A major component of communication is listening. A good listener is a valuable commodity and one who will never want for friends or people clamoring to associate with him or her. Listening is not something done by one person. Successful listening is a two-way street, a give-and-take activity that can benefit all participants.
In Proverbs 2:2 we are given a tip to use to maximize our communication. We are told to “listen with [our] ears for wisdom” (The Clear Word).
Sabbath School members gain much when their facilitators are good listeners. According to Joan Svoboda, director of Management Strategies, Inc., effective listening skills are “relevant to all professions and all situations where someone wants to be successful and connect with people in an authentic and comfortable way. Listening skills are extremely important for all relationships—whether in business, in the schools, at home or just even at a gathering of friends” (http://www.joansvoboda.com/communicating.htm).
Just think how many more people could be brought closer to Christ through Sabbath School facilitators who care enough to listen—really listen—to what participants are saying, and to help them accordingly. Motivational speaker Nichols asserts that “the most basic of all human needs is the need to understand and be understood.
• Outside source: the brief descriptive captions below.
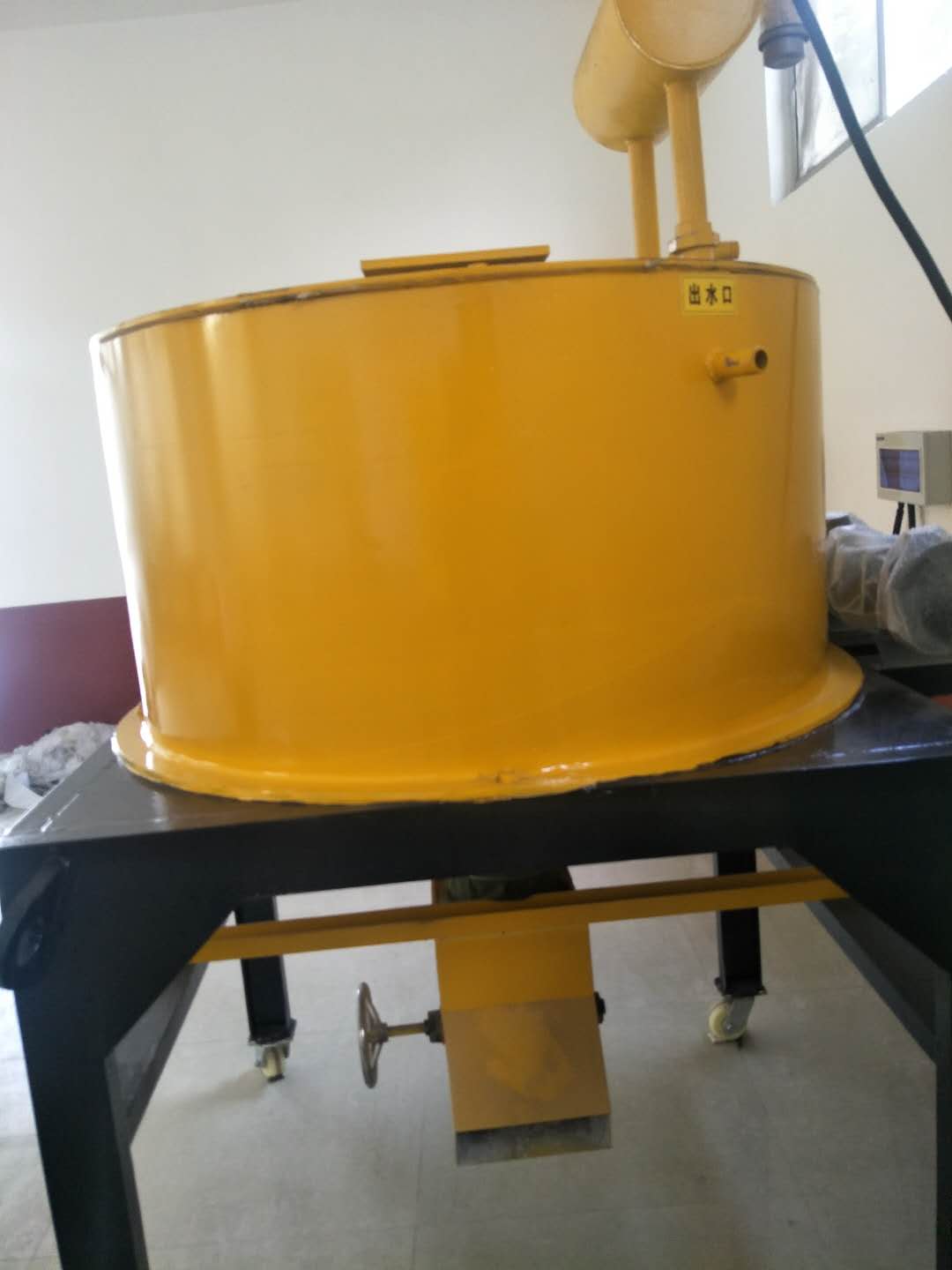 �DƬ���Q��ʯӢ�ۡ��Lʯ��늴ų��F�C
�c���Δ���2776��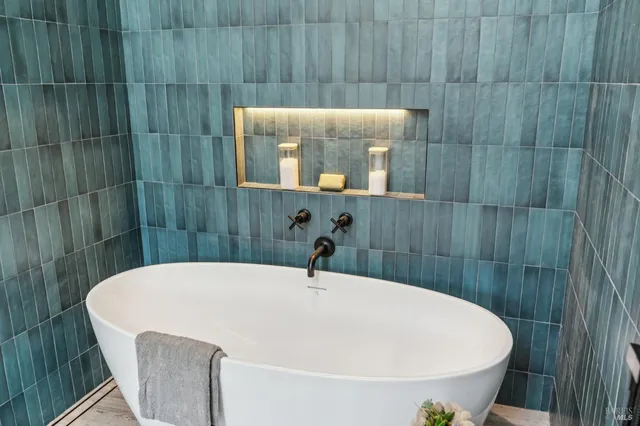 $2,395,000 | 216 1st Street East, Sonoma, CA 95476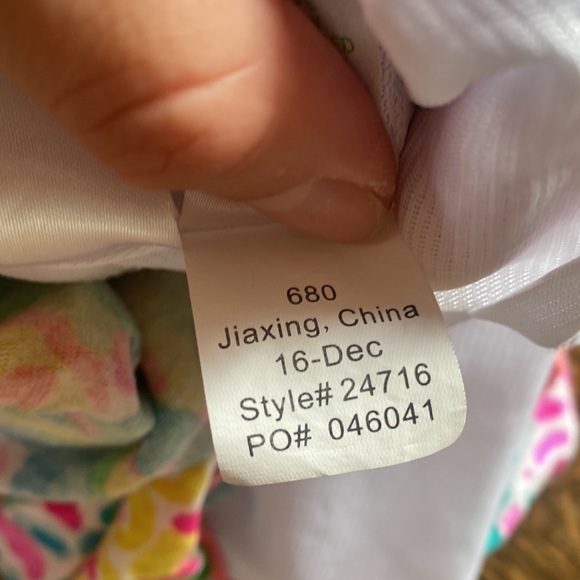 Lilly Pulitzer xs romper (could fit a small) - Picture 6 of 6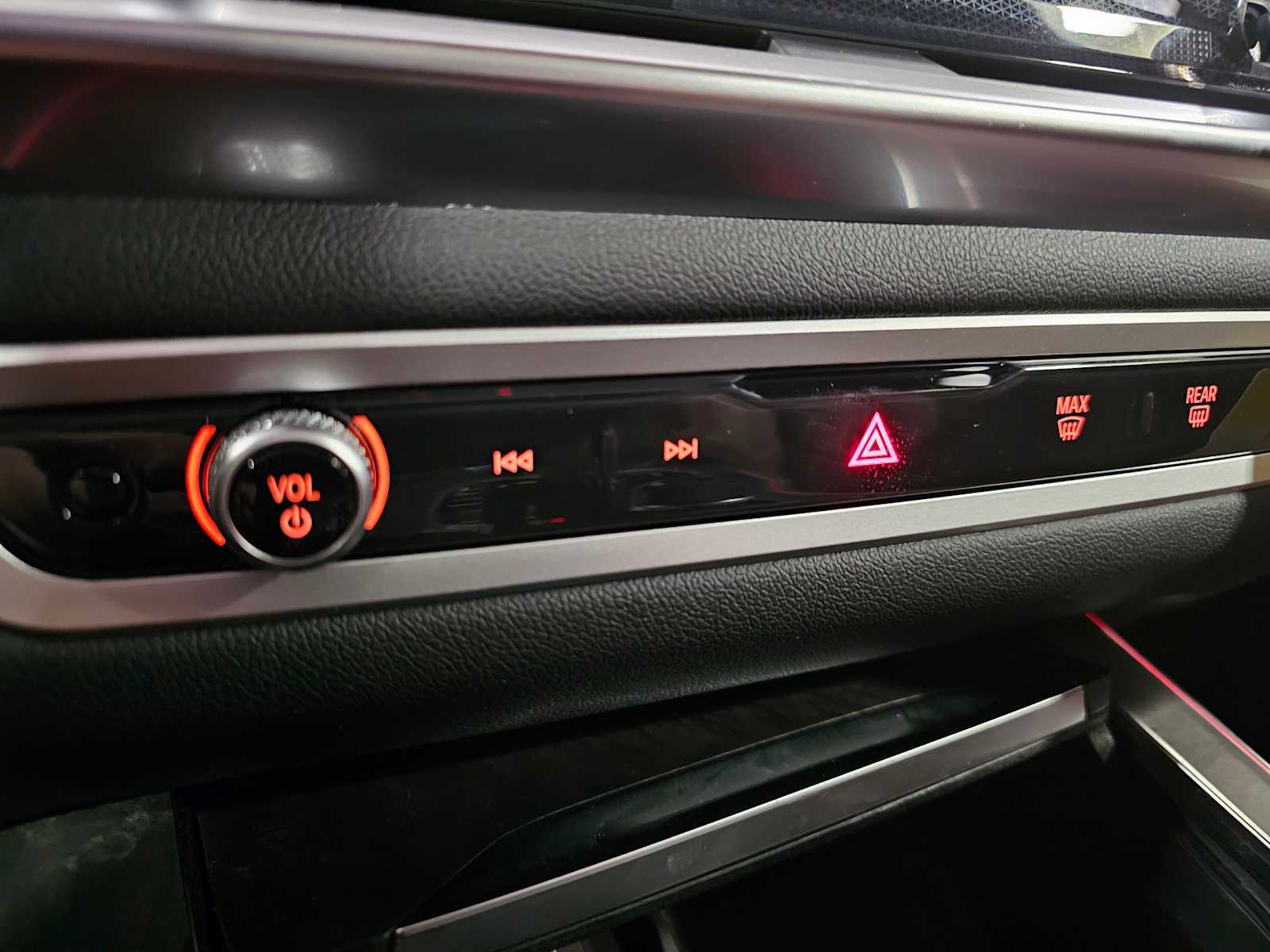 Thumbnail: 2026 BMW X5 - 18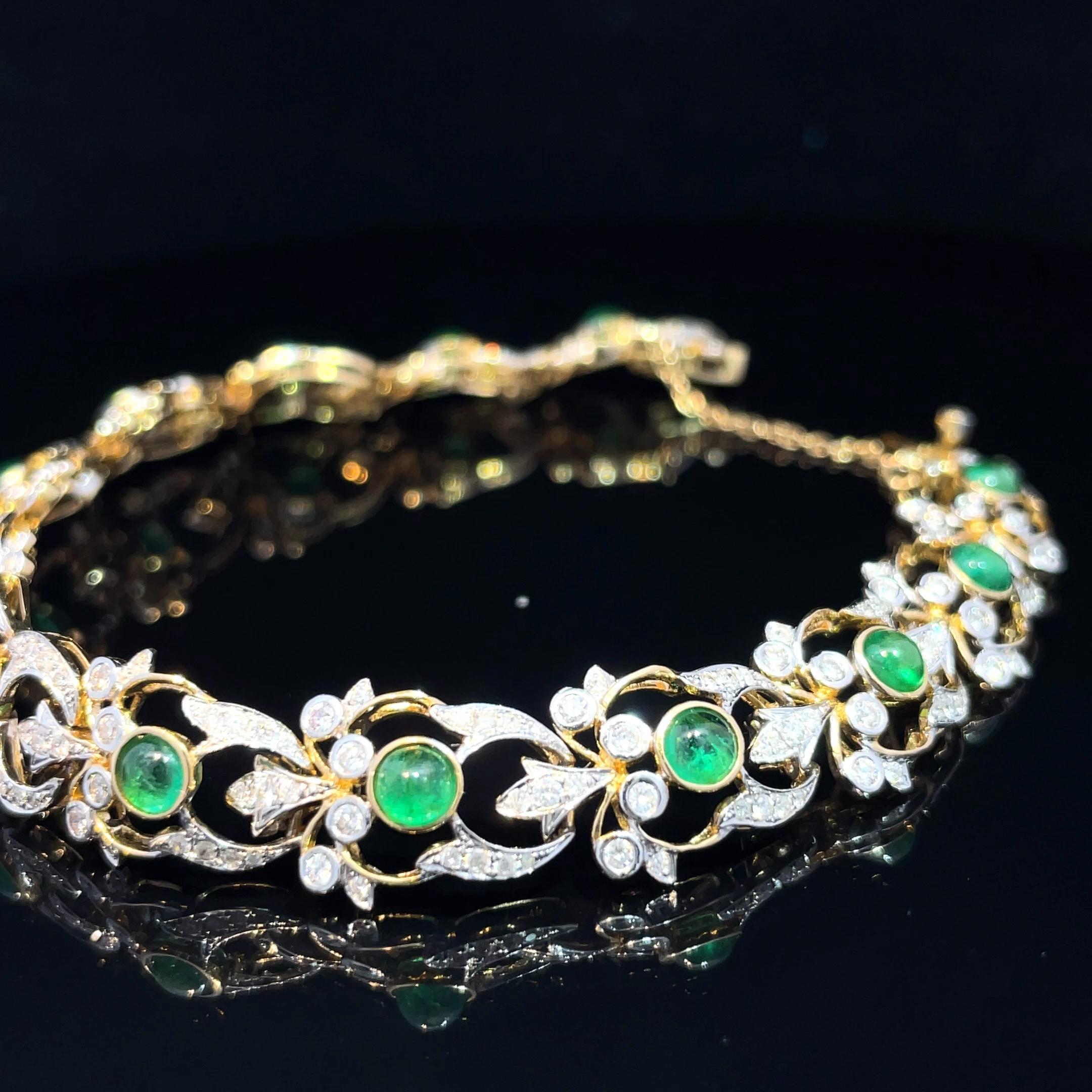 Bracelet exquis en or jaune 18k avec émeraudes et diamants en vente 2
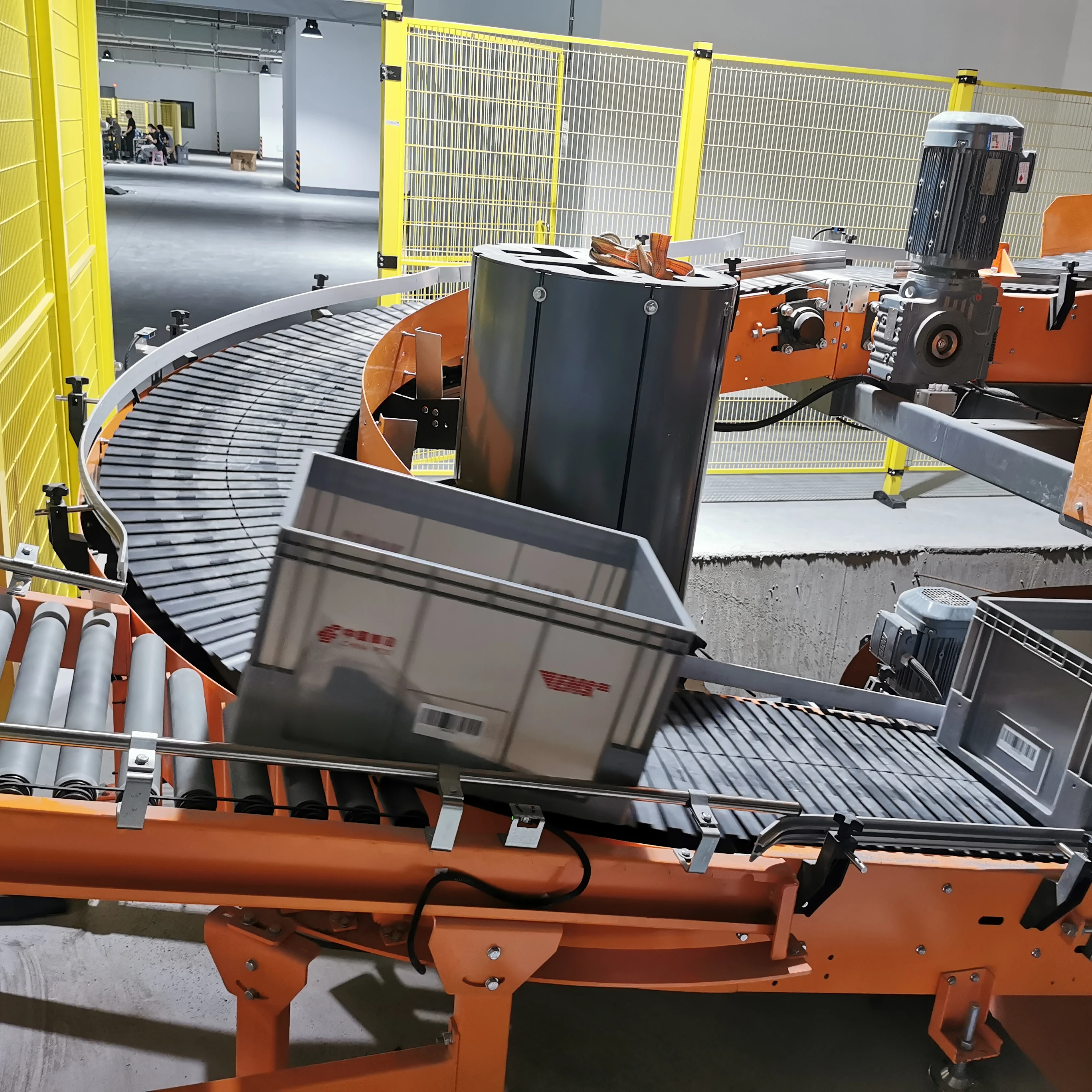 Несколько этажей запись спиральный конвейер между различными полами движение для товаров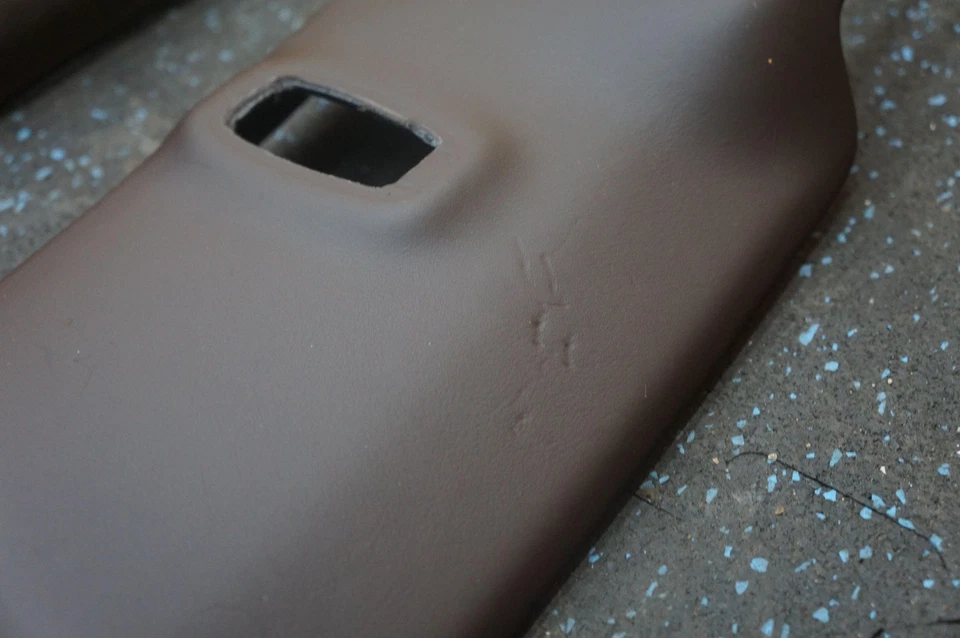 Conjunto 2 A acabamento de piller OEM 99155505905 Porsche 911 Turbo S Cabrio 991 2015 *Nota* - Imagem 4 de 4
The best way to understand people is to listen to them.” So often, we don’t hear others because we are too busy playing roles.
Let’s examine the characteristics of poor listeners that were taken from the Purdue University English Department Writing Lab:
- Mind reader: You’ll hear little or nothing as you think, What is this person really thinking or feeling?
- Rehearser: Your mental tryouts, “Here’s what I’ll say next,” tune out the speaker.
- Filterer: Some call this selective listening. With either term listeners hear only what they want to hear.
- Dreamer: Drifting off during a face-to-face conversation can lead to an embarrassing, “What did you say?” or “Could you repeat that?”
- Identifier: If you refer everything you hear to your experience, you probably didn’t hear what was said.
- Comparer: When you get sidetracked by assessing the messenger, you’re sure to miss the message.
- Derailer: Changing the subject too quickly soon tells others you’re not interested in anything they have to say.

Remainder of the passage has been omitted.